The inflation continues to accelerate and March would have recorded another advance close to 3% monthly. Although it was expected that it would not ease due to the seasonality of the month, with one of the greatest pressures of the year, these are very high levels. So much so, that the price index would have already accumulated a advance close to 9% since January and leaves a high floor for the rest of the year. The good news is that economists hope that the deceleration process will soon resume, although it will partly be conditional on what happens abroad.
While waiting for the official data to be published by Indec on April 14, private economic consultants that carry out their own measurements estimate that the Consumer Price Index (CPI) would have registered a advance of between 2.7% and 3% monthly. That is, a variation very similar to that of the last three months. However, the interannual measurement would have dropped to between 31% and 32%.
Milei’s inflation goal “with zero” in August seems unlikely
Although the consultants agree that once the rate adjustments and the seasonal peak in March have passed, inflation will return to the downward path, Javier Milei’s projection seems less and less feasible: The President reiterated on several occasions that In August of this year inflation could “start with zero”.
That is, in his words, it would register advances of less than 1% per month, such as 0.9% or less. Due to the latest variations and the inertia it exhibits, economists are cautious and consider it a very optimistic projection.
The spike in the international price of oil, due to the war in the Middle East and the fall in global crude oil supply, affects and could continue to affect inflationary dynamics. Until now, the impact has been felt partially in the internal costs of fuels and, indirectly, in the entire chain that arises from transportation, logistics and inputs.
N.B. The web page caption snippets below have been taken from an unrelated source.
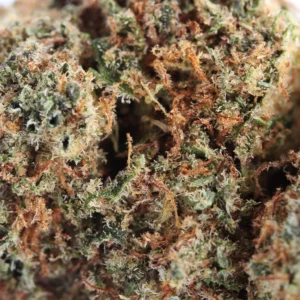 Plutonium CBD – macro des trichomes et des pistils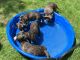 Golden Retriever Puppies for sale in Lawrenceville, GA, USA. price: $300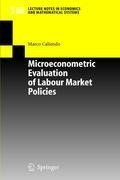 Microeconometric Evaluation of Labour Market Policies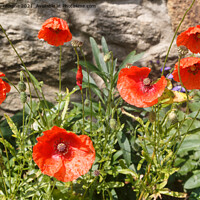 Buy canvas prints of Red poppies in a garden by aurélie le moigne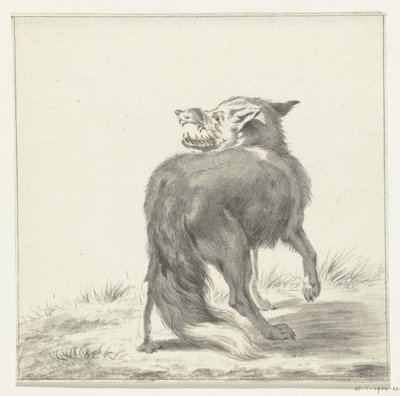 Fox by Jean Bernard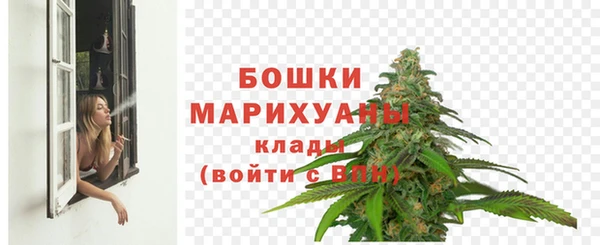 сатива Козловка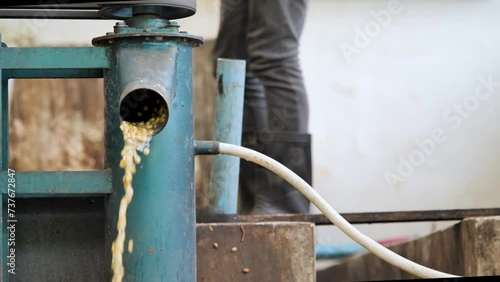Wash coffee green bean after peeled coffee.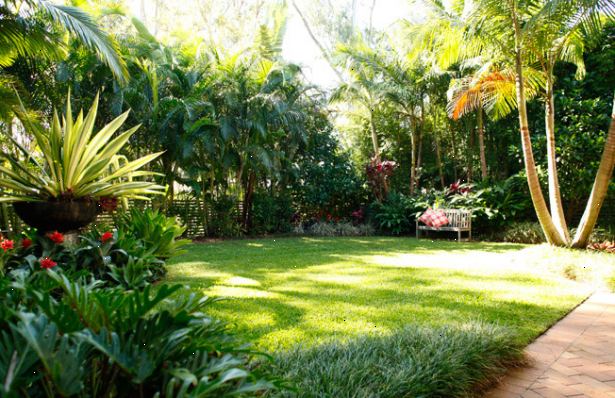 Hur man gör en tropisk stil trädgård. Ta reda på din lokala klimatet.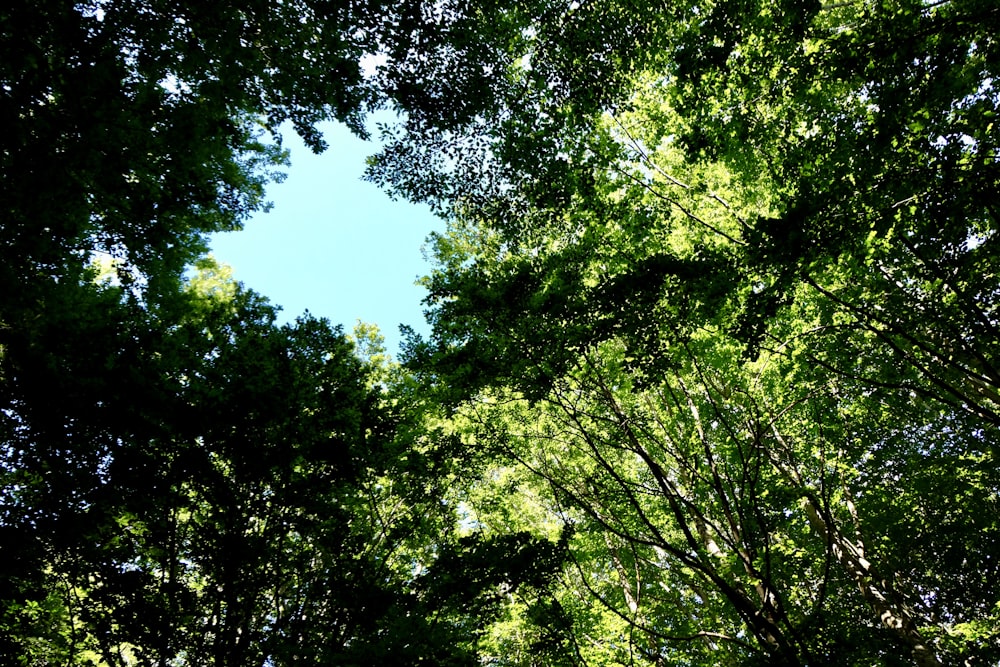 low angle photography of trees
It is not the main reason for the acceleration in prices, but it provides a certain amount of upward pressure.
Claudio Caprarulo, director of Analytica, estimates that while the rise in fuel prices played against the inflationary dynamic in March, the positive thing was in the food and beverage category, which would have registered a slowdown compared to the previous month. For the general level, it is estimated that in March the price index would have been at 3% monthlywhich would imply an acceleration of 0.1 percentage points compared to February.
“The fuels increased almost 12% during the monthwith a price transfer of only 50% of what the international price of oil rose. The direct impact of fuels on the CPI was 0.4 points and add others 0.2 points indirectlysince fuel works as an input to the rest of the goods and services,” details Lucio Garay Mendez, chief economist at EcoGo.
When will inflation slow down again in Argentina?
Garay Mendez does not rule out that the reduction in global energy supply, due to the paralysis of maritime traffic in the Strait of Hormuz due to the war in the Middle East, could extend for several more weeks and keep the international price of oil high, which would continue to put upward pressure on fuel prices. Therefore, it is estimated that the general level of the CPI in April and May, although it would decelerate, would probably would be above 2% monthly.
Camilo Tiscornia, director of C&T, estimates that the CPI for April “will give much less than in March, unless something crazy happens with gasoline.” Caprarulo agrees with this, and also estimates an inflationary slowdown in April, although “the big question remains the price of oil.” For the period between April and June, the director of Analytica projects a inflation around 2.6% monthly average.
“For April, we project a deceleration of inflation to 2.4% monthlyafter the 3% estimated for March. Inflation will remain high for the drag left by March (+10%)but it would weaken due to the drop in meat prices. In fact, if meat falls further, the slowdown could be even more pronounced. Furthermore, with the price of oil at US$101the gasoline continues with a 8% delay. If corrected during April, it could add 0.2 additional points of inflation,” adds the consulting firm FMyA.
According to Max Capital, the market expects the international price of oil to remain above last year’s levels, even if the conflict in the Middle East stops. Higher oil prices, he highlights, have implications for both inflation and external accounts, since it represents a “double edge shock” for an energy exporting country that seeks to reduce inflation and at the same time needs to accumulate reserves.
“The inflationary implications are similar to those of other countries, although the lack of a strong nominal anchor from the monetary side and greater inflationary inertia could generate a more pronounced impact. On the external side, however, part of the effect could be offset by a stronger currency thanks to higher mining and oil prices, along with a good agricultural harvest, Foreign Direct Investment (FDI) flows and debt issues also directed at these sectors,” he adds.
The broker maintains that the general effect of these dynamics would be:
- A slightly higher inflation
- A faster accumulation of international reserves
- A more appreciated currency in real terms
From a structural point of view, he highlights, “the shock reinforces recent dynamics, which favors energy and mining, sectors that are growing at a faster rate, but affects industrial production” due to the less competitiveness which implies a lower exchange rate in real terms.